Change To The Cloud Computing Environment:

In this way, optimizing the data center through server virtualization has enabled a smooth transition to cloud-based service offerings. For most enterprises the cloud is a set of services, data, resources, and networks located “elsewhere.” This contrasts with the historical centralized data center model – where enterprises purchased, configured, deployed, and maintained their own servers, storage, networks, and infrastructures. As the resources of the cloud are owned and maintained by a “cloud service provider”, the enterprises “borrow” it. The use of a cloud-based infrastructure means there is no local infrastructure to purchase, manage, secure, or upgrade.

“Rather than attempting to estimate peak and growth data center usage, enterprises can adopt a pay-as-you-go structure, paying for only what they use.”

Cloud elasticity, scalability, and performance are perhaps the most compelling reasons to adopt a cloud strategy. Computing, storage, and network resources are easily and quickly deployed using cloud providers – allowing an enterprise’s internal applications and/or external web site elastic adaptation to demand. This elasticity also provides the means of scaling to any size desired, and to match performance requirements and ensure customer SLAs are maintained and end user experience unaffected during peak use.

Growth Of Wireless Networks And Future Scenario Of 4G/Lte

New complex challenges are developing for IT as increased mobility is touching virtually every aspect of virtually every enterprise. In enterprises of all types, the “bring your own device(BYOD)” trend is introducing new challenges as customers and employees alike may show up with tablets, smart phones and other devices that aren’t necessarily certified or supported by IT.  CIOs need to be able to evaluate and quickly evolve policies to ensure mobile devices don’t overtax wireless networks or interfere with critical mobile applications.

On the positive side, the technology and wireless access networks themselves are evolving to address in-building coverage and capacity challenges. The solution to it all is being able to validate various aspects of performance before trusting business-critical applications to wireless networks.

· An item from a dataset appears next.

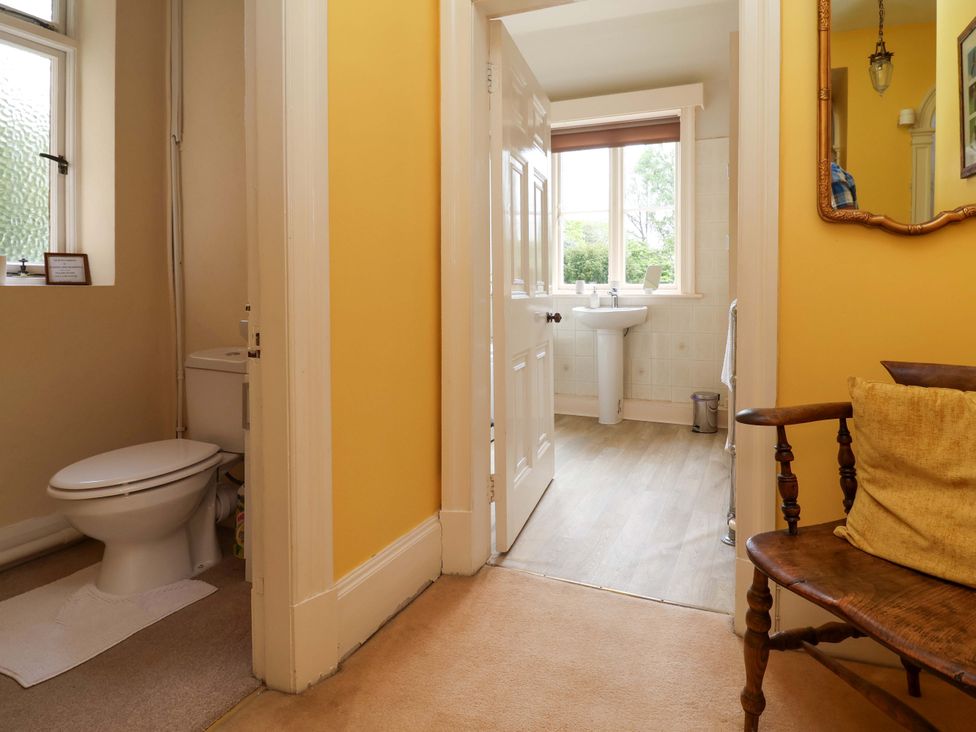 A bathroom with a toilet and sink at Parkfields House Tittensor near Barlaston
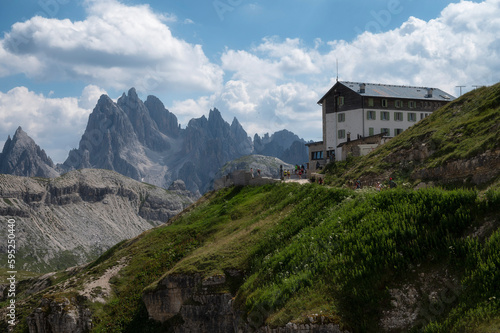 Mountain hut and Cadini di Misurina peak in Dolomite, Italy in Summer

“Enterprises need to know how well new mobile devices will interact with one another and the corporate network, and be able to assess their range, roaming capabilities, and the ultimate quality of experience (QoE) delivered to the user.”

The growth of 4G/LTE can be summarized in one word as “fast”. Perhaps the most important trend occurring in LTE –aside from rapid growth itself—is the emergence of true voice-over-LTE or “VoLTE” services that will accommodate not only voice but video and other rich media services. VoLTE will introduce significant economic and competitive advantages to mobile network operators that should in turn benefit the enterprise with higher performance, innovative new service offerings, and potential cost-savings.

Network Security

The key for enterprises to change the game lies in Network security. Enterprises must make it a priority to validate their security solutions on an on-going basis to understand their systems vulnerabilities. Cyber crime is just getting started. It is not going away…ever. Some cloud service providers offer access control and encryption services that enable the safe storage of sensitive company and customer data. Such services are often more secure than those available with local IT staff and facilities. Organizations that are proactive and aggressive with cyber security have the best chance of not just surviving, but thriving.